WHAT TO PRODUCE =>
If a line in the records below holds the word "Shirt", copy it.

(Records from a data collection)
============================================================

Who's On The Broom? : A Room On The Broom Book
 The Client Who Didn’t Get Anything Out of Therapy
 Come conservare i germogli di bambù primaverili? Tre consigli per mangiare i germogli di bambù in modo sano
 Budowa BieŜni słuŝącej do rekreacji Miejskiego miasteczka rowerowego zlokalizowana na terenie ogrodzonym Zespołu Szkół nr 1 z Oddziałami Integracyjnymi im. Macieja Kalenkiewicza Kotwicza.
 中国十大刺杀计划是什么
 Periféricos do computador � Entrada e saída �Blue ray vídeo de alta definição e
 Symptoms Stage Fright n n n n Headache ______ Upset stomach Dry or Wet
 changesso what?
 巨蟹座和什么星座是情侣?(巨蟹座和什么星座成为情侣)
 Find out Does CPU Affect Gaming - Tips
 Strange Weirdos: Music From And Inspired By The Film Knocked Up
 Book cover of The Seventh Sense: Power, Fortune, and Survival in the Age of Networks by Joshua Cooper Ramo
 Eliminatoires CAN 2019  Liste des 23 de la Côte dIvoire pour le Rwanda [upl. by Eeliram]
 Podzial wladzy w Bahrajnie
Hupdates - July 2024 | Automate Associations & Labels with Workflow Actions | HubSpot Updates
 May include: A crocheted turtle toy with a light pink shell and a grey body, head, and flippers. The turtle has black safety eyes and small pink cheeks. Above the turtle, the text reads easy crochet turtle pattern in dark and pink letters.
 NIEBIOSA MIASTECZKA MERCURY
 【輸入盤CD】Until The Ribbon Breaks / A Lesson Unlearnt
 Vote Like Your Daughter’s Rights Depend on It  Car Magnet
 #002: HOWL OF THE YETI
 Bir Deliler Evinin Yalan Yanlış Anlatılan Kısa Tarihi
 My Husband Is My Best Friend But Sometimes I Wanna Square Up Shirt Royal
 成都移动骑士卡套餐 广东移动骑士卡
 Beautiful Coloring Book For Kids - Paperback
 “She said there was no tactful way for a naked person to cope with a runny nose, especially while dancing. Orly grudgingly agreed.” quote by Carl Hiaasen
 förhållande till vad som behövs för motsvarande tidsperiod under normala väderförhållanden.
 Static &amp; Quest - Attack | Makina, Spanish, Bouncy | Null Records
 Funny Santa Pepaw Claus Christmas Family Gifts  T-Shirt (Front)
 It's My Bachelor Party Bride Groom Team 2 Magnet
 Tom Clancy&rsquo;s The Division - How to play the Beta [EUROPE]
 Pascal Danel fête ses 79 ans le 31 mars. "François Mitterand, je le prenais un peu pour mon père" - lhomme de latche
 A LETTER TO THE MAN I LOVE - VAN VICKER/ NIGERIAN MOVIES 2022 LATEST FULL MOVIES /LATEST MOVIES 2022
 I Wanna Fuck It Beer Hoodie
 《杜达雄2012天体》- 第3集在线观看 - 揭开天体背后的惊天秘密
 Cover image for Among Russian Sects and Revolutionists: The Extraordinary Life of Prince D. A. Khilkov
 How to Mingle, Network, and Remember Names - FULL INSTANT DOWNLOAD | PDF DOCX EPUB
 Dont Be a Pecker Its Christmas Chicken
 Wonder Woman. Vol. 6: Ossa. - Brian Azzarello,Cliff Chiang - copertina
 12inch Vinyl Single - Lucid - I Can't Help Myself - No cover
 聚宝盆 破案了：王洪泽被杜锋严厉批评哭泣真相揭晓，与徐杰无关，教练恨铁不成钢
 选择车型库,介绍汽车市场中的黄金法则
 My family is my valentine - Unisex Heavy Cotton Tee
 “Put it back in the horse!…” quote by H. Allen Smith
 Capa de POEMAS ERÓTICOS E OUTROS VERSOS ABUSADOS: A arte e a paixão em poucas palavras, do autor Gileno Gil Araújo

============================================================

YOUR SOLUTION =>
 My Husband Is My Best Friend But Sometimes I Wanna Square Up Shirt Royal
 Funny Santa Pepaw Claus Christmas Family Gifts  T-Shirt (Front)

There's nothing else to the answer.